À Friedrich Welz, il vend le 9 octobre 1940 une série de quatre tapisseries du XVIe siècle sur les travaux d’Hercule pour la somme de 425 000 F, destinées à la Landesgalerie de Salzbourg19. Il vend par ailleurs pour Hildebrandt Gurlitt par l’intermédiaire de Theodor Hermsen20, pour Gustav Rochlitz, pour Hermann Kundt, pour la Reichsbank par l’intermédiaire de Heinrich Wolff21. Un témoin indique aux services américains que Cailleux propose à plusieurs reprises des œuvres à Bruno Lohse pour Hermann Göring, afin d’entretenir des rapports cordiaux. D’après les interrogatoires de Lohse, les tarifs que Cailleux en demande sont prohibitifs, puisqu’il ne tient pas à réaliser ces ventes22. De cette façon, aucune vente n’est jamais conclue entre les deux hommes23. Apparaissent encore dans son réseau pendant la période de l’Occupation, la maison Jansen, Serge Mons, Ernest Garin, Margot Jansson et Jean Cassagne24.
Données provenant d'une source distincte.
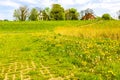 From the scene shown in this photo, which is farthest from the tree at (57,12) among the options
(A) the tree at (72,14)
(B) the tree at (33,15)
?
(B) the tree at (33,15)

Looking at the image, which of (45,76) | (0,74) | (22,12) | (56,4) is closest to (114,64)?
(45,76)

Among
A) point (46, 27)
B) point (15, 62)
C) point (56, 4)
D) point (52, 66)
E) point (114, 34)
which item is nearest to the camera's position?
point (52, 66)

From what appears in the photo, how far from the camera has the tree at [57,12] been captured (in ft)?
418

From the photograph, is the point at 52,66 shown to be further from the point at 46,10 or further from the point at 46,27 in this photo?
the point at 46,10

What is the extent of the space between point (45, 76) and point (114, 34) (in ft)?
49.1

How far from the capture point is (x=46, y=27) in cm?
8425

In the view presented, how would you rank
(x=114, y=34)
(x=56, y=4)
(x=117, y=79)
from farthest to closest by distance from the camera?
(x=56, y=4) < (x=114, y=34) < (x=117, y=79)

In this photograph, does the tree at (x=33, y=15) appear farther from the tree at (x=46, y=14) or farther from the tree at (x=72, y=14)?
the tree at (x=72, y=14)

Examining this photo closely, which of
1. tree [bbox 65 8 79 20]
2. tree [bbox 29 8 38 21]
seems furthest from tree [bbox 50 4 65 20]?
tree [bbox 29 8 38 21]

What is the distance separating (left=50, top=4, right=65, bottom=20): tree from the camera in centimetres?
12738

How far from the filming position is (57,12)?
128 metres

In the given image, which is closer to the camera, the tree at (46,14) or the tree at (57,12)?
the tree at (57,12)

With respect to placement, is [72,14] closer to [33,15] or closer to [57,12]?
[57,12]

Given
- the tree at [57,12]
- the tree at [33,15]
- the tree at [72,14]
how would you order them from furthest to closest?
the tree at [72,14] → the tree at [33,15] → the tree at [57,12]
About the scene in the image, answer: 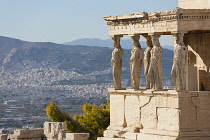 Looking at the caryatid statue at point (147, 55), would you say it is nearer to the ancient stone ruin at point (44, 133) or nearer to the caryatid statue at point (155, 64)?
the caryatid statue at point (155, 64)

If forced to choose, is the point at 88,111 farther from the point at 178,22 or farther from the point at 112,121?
the point at 178,22

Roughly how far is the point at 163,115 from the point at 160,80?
969mm

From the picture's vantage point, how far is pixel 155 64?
24266 mm

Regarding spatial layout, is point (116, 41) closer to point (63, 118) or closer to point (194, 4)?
point (194, 4)

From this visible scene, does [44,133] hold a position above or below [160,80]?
below

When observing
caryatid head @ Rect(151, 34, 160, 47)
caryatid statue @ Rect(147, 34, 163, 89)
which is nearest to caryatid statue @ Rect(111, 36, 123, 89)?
caryatid statue @ Rect(147, 34, 163, 89)

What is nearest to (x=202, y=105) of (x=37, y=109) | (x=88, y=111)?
(x=88, y=111)

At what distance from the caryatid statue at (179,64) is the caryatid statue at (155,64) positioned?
2.56 feet

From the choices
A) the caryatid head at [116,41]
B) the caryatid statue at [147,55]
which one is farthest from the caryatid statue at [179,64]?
the caryatid head at [116,41]

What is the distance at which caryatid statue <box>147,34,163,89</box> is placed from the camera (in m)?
24.2

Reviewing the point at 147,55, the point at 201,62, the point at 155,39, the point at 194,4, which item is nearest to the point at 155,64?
the point at 155,39

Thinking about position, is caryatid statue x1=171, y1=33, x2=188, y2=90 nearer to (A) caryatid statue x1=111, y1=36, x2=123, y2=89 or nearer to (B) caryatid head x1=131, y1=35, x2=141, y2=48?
(B) caryatid head x1=131, y1=35, x2=141, y2=48

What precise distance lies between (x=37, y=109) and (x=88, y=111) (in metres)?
94.7

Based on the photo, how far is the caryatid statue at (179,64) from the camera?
76.7ft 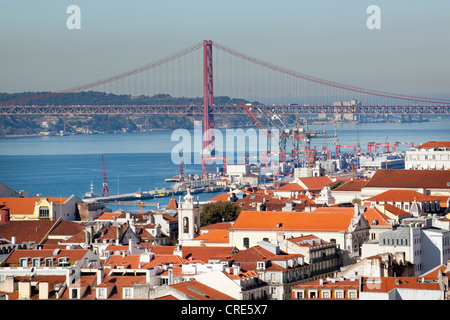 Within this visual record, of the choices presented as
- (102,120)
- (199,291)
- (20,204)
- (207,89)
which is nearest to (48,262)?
(199,291)

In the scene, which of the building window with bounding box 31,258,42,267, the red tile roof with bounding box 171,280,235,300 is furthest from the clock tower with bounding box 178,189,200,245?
the red tile roof with bounding box 171,280,235,300

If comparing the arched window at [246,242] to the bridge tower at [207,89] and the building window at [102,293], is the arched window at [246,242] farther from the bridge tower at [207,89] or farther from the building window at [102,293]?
the bridge tower at [207,89]

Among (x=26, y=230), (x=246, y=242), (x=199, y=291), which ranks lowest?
(x=246, y=242)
L’« aryanisation » des biens juifs

Du fait de sa fonction de directeur du Syndicat des négociants en objets d’art, tableaux et curiosités, le Commissariat aux questions juives l’interroge sur les noms des négociants inscrits à son répertoire. L’objectif poursuivi est alors de faire de Cailleux un administrateur pour liquider les entreprises des marchands d’art moderne1 et nommer des gérants pour les « maisons israélites » séquestrées. 
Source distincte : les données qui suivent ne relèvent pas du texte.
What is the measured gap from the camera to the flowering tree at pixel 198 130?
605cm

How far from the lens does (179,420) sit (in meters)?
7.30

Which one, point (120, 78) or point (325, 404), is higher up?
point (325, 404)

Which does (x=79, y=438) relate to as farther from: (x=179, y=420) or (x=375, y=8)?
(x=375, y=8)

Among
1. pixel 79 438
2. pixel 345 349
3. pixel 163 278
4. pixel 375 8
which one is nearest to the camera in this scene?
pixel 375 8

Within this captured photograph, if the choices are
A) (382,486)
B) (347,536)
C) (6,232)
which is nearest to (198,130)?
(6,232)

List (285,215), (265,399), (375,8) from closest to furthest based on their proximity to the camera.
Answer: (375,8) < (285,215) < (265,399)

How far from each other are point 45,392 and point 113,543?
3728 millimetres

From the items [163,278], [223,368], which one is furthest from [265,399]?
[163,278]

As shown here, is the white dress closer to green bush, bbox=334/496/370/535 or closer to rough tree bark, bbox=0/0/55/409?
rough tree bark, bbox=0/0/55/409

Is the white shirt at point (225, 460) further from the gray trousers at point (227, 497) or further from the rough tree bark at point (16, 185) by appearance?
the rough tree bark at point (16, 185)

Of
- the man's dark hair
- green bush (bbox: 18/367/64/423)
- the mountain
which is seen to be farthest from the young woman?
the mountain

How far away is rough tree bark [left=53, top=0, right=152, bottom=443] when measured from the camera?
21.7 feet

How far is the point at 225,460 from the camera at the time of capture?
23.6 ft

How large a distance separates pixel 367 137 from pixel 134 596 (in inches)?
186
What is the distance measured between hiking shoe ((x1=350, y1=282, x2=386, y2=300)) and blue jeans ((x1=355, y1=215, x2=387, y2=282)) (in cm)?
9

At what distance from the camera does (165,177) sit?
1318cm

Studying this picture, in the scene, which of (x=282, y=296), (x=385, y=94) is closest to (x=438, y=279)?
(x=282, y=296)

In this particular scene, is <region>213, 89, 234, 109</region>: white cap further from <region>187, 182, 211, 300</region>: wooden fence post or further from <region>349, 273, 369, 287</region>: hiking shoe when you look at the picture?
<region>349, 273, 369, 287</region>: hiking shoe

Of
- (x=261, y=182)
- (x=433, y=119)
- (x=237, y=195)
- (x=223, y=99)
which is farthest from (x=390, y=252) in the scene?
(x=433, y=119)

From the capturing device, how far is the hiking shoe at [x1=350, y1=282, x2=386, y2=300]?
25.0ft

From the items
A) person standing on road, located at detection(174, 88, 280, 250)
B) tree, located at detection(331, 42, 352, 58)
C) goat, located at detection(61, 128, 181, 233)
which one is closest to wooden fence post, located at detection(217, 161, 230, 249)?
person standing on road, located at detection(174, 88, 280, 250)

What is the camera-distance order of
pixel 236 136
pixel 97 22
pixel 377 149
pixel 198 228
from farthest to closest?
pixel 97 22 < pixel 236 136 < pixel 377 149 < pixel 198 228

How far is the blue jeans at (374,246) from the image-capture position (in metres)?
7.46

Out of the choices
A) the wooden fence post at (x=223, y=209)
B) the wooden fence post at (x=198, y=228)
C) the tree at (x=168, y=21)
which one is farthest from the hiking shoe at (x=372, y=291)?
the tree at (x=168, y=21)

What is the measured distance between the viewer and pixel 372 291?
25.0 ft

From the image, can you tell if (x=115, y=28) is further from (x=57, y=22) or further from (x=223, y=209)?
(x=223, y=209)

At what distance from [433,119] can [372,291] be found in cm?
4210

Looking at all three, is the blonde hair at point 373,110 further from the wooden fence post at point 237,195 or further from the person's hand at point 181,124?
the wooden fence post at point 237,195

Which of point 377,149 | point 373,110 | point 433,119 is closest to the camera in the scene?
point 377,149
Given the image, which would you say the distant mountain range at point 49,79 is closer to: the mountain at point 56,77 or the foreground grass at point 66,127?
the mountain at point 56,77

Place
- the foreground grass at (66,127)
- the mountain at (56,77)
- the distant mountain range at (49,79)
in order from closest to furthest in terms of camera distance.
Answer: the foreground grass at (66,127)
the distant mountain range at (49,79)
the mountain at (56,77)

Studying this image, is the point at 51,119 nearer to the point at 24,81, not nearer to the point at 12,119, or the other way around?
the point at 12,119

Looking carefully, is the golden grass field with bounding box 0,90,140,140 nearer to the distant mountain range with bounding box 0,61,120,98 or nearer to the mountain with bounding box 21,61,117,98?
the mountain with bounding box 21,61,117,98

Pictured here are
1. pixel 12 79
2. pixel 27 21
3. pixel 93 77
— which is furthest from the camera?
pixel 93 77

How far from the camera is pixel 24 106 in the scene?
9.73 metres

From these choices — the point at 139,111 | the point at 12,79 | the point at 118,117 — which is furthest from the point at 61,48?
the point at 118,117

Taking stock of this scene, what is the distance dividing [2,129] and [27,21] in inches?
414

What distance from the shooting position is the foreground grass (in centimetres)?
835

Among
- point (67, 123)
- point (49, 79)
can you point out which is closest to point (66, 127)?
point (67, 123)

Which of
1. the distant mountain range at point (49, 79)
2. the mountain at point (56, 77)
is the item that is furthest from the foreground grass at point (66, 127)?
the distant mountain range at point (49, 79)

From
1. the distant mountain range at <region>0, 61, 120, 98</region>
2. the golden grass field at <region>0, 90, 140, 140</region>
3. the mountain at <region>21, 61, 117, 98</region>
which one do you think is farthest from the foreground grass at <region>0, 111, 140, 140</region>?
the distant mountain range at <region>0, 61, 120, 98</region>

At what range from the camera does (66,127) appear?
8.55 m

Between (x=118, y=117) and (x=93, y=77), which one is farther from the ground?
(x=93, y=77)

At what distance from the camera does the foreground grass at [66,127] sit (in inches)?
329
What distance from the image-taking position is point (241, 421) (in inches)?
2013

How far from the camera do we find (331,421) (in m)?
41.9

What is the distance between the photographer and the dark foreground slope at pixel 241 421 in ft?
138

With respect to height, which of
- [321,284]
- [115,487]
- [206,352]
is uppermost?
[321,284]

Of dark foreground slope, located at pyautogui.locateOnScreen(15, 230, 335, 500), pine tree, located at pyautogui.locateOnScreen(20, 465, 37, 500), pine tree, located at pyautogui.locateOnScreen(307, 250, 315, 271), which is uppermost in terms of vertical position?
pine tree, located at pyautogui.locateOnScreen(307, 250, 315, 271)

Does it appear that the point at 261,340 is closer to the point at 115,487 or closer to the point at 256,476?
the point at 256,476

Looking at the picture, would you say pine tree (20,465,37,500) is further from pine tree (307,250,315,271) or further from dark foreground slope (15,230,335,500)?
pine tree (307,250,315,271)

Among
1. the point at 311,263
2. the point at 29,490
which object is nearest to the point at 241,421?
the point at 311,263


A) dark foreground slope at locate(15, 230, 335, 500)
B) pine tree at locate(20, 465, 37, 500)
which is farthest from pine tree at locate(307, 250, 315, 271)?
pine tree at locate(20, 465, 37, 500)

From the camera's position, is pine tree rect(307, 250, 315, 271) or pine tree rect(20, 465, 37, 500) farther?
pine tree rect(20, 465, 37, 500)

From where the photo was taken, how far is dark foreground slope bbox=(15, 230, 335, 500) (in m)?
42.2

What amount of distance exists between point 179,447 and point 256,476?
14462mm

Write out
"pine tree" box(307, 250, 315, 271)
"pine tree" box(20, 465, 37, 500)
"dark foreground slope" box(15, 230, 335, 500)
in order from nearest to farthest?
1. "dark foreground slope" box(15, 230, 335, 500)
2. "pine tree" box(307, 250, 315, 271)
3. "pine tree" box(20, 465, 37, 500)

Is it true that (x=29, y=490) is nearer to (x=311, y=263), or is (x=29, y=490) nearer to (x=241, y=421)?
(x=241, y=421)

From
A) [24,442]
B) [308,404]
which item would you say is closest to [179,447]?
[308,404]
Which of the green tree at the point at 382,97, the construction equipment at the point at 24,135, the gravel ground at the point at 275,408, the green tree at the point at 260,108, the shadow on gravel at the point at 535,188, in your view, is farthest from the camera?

Il réunit donc une trentaine de ses collègues et les invite à accepter de gérer ces maisons juives2. De cette manière, il participe directement à l’« aryanisation » de ces commerces, mais justifie sa position par la protection du patrimoine de ces maisons, rendue possible par le contrôle des gérants qui leur sont attribués3. En février 1942, il est convoqué chez le colonel Kurt von Behr, chef du service de confiscation des biens juifs (ERR), qui lui demande, du fait de sa position de président du syndicat, d’exiger de ses confrères une liste des biens appartenant à des Juifs et détenus par eux4

Cette demande, déjà formulée auprès de André Schoeller, président du Syndicat des éditeurs d’art et négociants en tableaux modernes, fait l’objet d’un refus de ce dernier5. Après concertation avec Paul Véroudart, président du Comité d’organisation des antiquaires, il explique avoir contourné cette demande, arguant de la non-exclusivité que représente son syndicat dans la profession. Il renvoie donc von Behr vers le Comité d’organisation des antiquaires6.
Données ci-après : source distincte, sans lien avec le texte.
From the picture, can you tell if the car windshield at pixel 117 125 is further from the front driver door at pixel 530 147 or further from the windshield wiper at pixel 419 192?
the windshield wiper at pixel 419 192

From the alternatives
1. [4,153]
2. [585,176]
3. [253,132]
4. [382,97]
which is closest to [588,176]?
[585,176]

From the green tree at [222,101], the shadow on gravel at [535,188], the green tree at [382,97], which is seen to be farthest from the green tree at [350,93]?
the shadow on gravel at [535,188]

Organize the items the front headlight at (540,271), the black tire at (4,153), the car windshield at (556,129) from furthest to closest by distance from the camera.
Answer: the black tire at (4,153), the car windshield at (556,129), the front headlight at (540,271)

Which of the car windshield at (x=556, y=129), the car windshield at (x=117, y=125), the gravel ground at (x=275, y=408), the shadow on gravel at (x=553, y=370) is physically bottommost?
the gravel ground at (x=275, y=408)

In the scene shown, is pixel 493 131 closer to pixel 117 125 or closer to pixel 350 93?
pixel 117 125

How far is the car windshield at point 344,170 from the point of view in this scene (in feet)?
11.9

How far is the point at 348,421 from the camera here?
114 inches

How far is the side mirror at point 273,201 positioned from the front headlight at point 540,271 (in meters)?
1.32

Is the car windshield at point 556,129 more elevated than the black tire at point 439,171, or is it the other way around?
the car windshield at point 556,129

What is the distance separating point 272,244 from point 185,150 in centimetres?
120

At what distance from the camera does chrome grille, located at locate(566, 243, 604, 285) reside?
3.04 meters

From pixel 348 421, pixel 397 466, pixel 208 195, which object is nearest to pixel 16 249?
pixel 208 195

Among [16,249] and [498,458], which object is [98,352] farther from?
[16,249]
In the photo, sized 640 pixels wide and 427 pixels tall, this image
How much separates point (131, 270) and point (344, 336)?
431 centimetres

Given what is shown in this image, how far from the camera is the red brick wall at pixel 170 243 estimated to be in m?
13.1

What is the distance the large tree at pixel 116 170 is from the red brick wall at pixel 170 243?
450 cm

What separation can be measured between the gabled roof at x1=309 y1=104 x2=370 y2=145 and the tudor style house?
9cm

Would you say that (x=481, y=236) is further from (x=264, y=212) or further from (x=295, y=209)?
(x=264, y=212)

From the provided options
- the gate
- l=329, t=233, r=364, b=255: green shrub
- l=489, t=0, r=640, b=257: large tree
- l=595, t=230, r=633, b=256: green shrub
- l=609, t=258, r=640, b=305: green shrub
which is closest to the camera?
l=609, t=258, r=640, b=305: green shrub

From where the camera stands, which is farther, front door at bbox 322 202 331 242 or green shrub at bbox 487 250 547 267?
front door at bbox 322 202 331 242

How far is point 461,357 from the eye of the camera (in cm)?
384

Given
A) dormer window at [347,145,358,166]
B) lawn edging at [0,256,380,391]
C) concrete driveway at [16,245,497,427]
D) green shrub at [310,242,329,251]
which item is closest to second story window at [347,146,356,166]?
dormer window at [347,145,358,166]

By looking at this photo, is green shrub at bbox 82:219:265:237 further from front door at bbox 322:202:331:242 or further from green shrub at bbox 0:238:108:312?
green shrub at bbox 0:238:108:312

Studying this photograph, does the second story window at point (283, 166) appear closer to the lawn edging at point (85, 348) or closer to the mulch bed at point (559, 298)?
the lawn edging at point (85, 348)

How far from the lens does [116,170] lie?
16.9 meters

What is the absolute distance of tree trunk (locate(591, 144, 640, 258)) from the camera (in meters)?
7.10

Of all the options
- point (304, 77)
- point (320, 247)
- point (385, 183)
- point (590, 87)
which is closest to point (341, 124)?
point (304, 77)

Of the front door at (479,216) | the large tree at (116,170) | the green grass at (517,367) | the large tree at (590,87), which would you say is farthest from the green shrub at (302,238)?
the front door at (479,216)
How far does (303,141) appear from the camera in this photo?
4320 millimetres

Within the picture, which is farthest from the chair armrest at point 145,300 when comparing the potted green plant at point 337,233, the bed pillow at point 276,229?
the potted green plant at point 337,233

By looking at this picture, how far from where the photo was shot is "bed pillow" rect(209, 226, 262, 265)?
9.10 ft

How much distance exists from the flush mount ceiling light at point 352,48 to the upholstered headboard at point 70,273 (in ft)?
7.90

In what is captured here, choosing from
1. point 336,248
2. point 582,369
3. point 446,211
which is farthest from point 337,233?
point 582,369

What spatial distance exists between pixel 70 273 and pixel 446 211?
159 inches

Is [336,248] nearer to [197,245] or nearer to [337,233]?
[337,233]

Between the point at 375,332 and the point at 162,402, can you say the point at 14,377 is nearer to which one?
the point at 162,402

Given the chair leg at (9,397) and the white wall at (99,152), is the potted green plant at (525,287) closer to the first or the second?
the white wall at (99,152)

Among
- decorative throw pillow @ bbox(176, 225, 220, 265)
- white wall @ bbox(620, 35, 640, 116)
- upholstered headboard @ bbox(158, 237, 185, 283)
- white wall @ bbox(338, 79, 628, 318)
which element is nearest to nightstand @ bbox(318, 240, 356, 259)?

La citation devant le Comité de confiscation

Cailleux est cité devant le Comité de confiscation des profits illicites pour expertise de tableaux pour le compte de la Reichsbank, ainsi que pour la vente de tableaux au musée de Düsseldorf. Il décide à son encontre d’une confiscation à hauteur de 833 800 F ainsi que d’une amende d’un million de francs1

Pour sa défense, Cailleux rappelle les origines juives de sa femme, qu’il a hébergé et protégé différentes personnes pendant l’Occupation, notamment André Serf2 et le capitaine Rheims3. Il fait également une cinquantaine de colis avec ses pièces les plus précieuses, qu’il confie à des amis afin de les protéger4

Cailleux décède en 1964. Reprise par Jean, son fils, la galerie Cailleux existe jusqu’en 2000. Le fichier de la galerie est désormais conservé à la bibliothèque de l’Institut national d’histoire de l’art, les ventes y sont triées par nom d’artiste.